Required action:
What is needed is an exact copy of the lines in the entries below from the one holding "Small structured triangle" through the one holding "Newly paved asphalt", pictures excluded.

Dataset content:
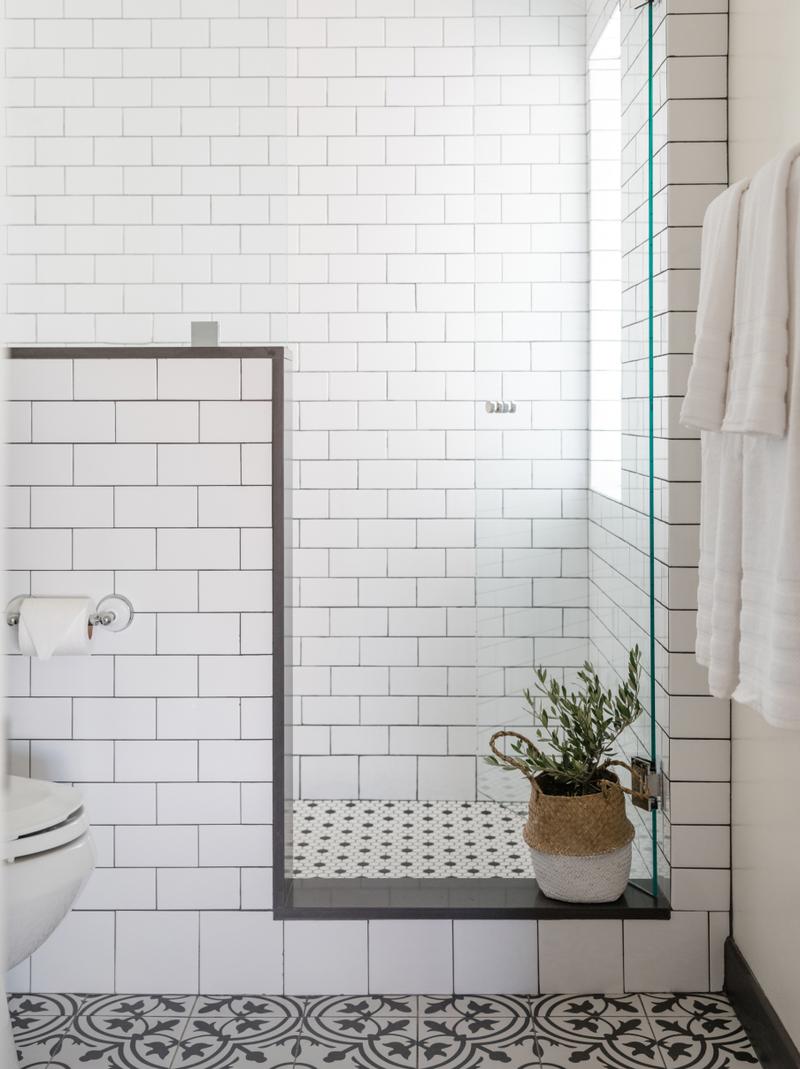 A white-tiled guest bathroom with a walk-in shower, patterned floor tile and a potted plant.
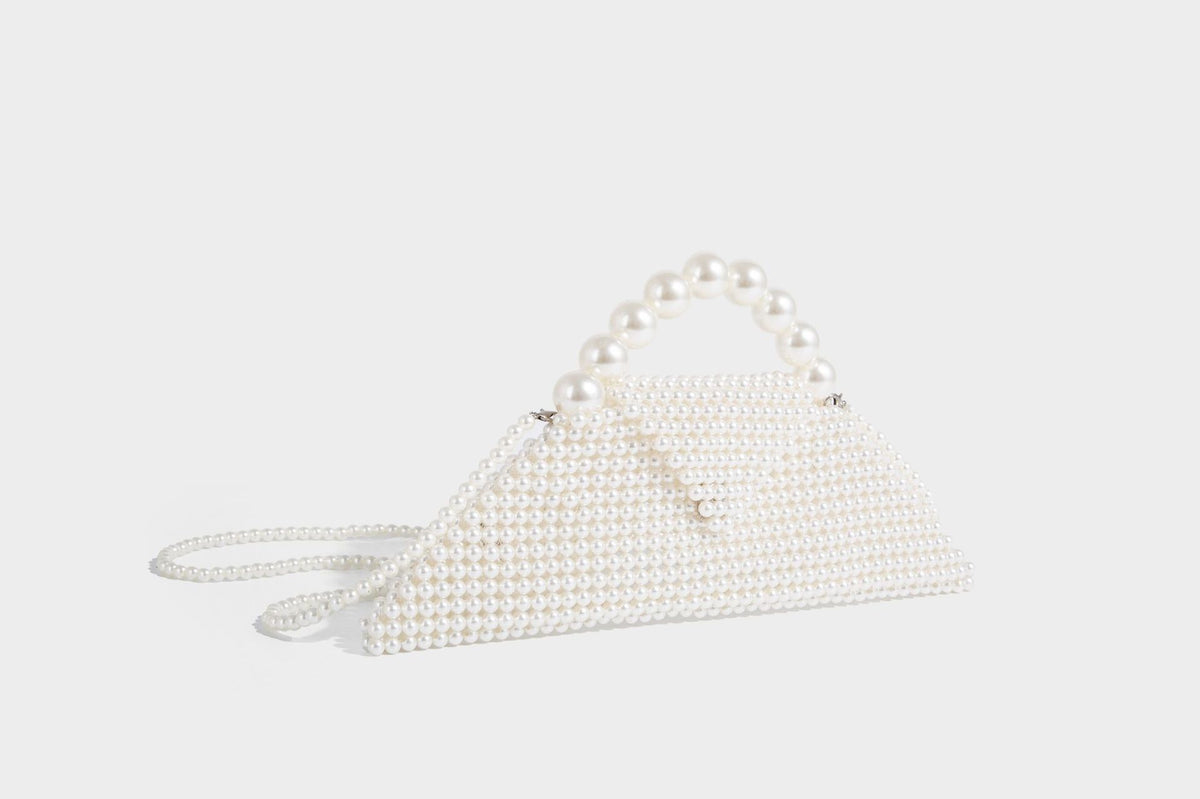 Small structured triangle clutch bag covered in glossy pearl beads with an arched pearl top handle and silver snap closure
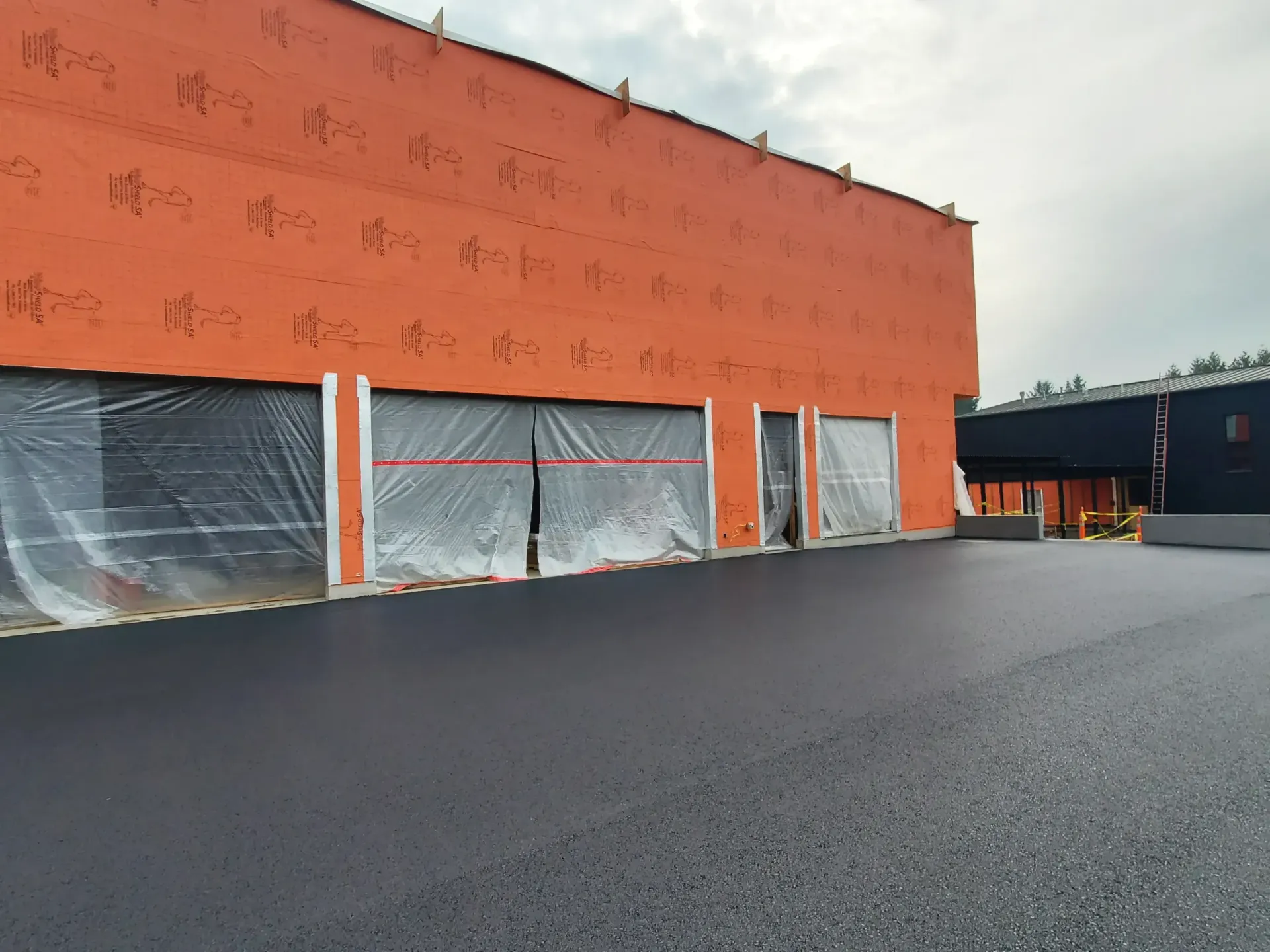 Newly paved asphalt parking lot in front of a building with orange sheathing and plastic-covered openings.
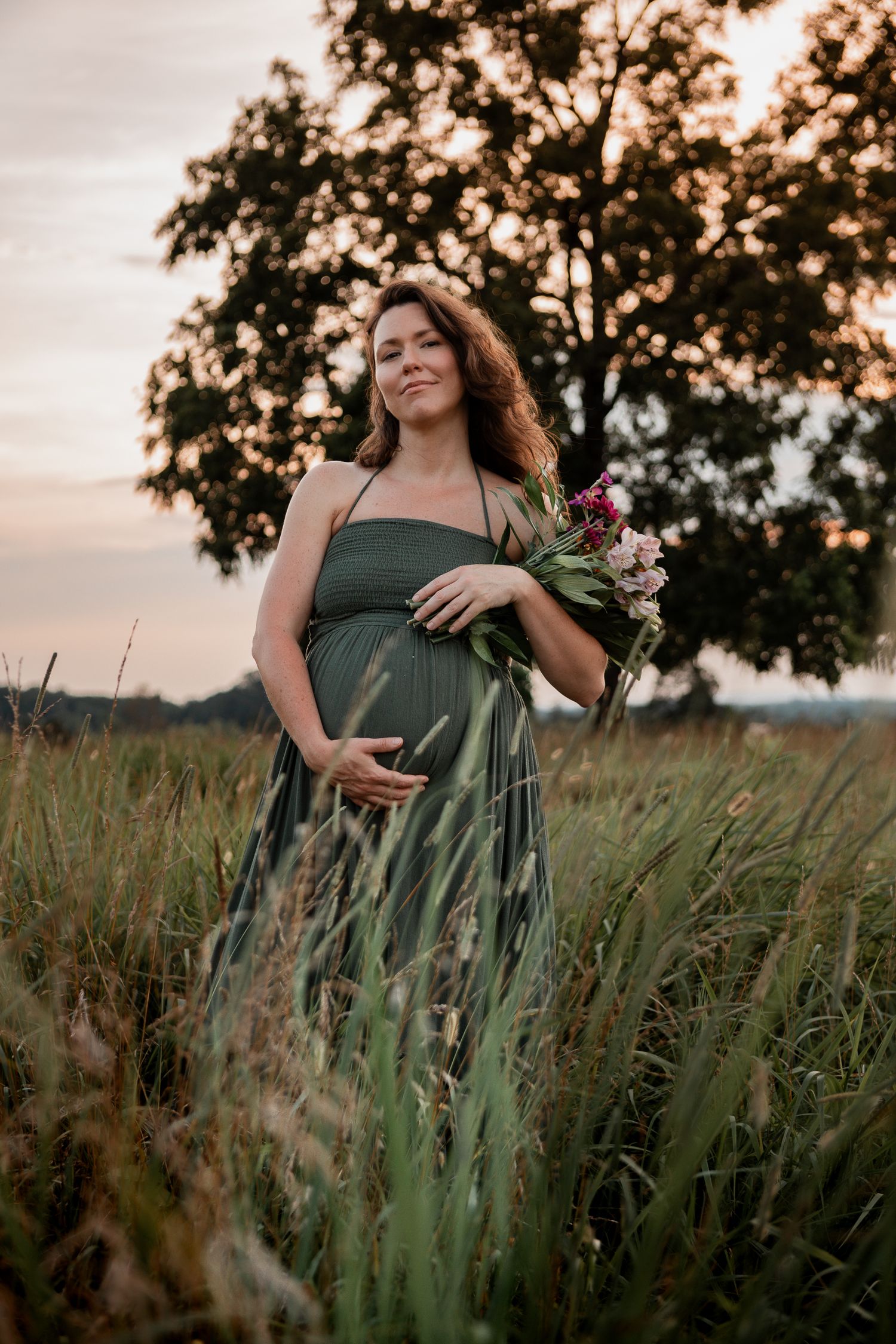 A maternity portrait in a field at sunset features an expectant mother in a sage green dress holding wildflowers.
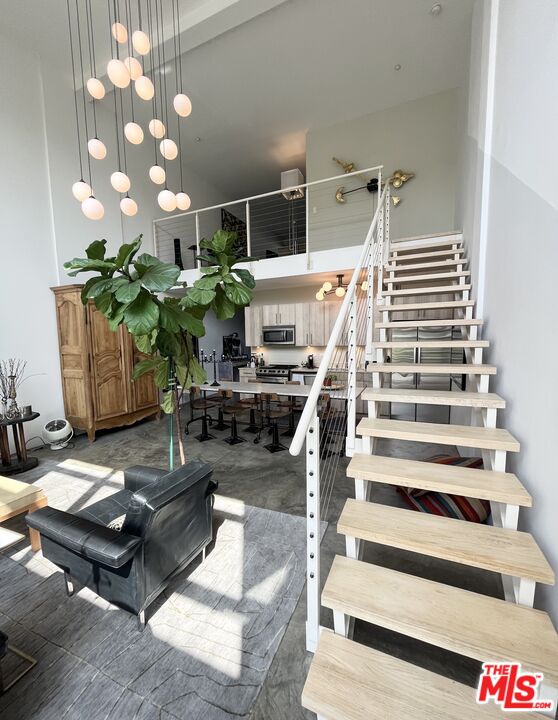4111 Sunset Boulevard, Unit 332 Los Angeles, CA 90029 - Photo 5 of 17 a living room with lots of furniture and a chandelier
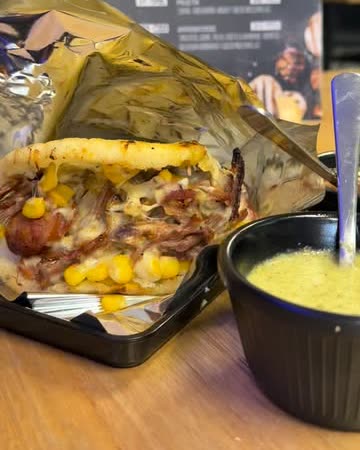 Arepa rellena con carne desmechada, maicitos y queso, con salsa de ajo al lado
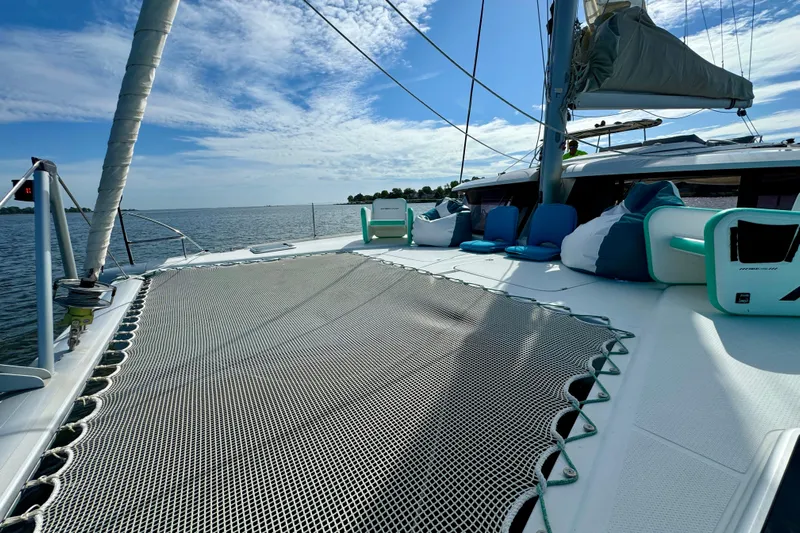 Sweet And Salty Yacht Photos Pics 2018 Fountaine Pajot Helia 44 Evolution catamaran on calm waters under a blue sky.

Output for this task:
 Small structured triangle clutch bag covered in glossy pearl beads with an arched pearl top handle and silver snap closure
 Newly paved asphalt parking lot in front of a building with orange sheathing and plastic-covered openings.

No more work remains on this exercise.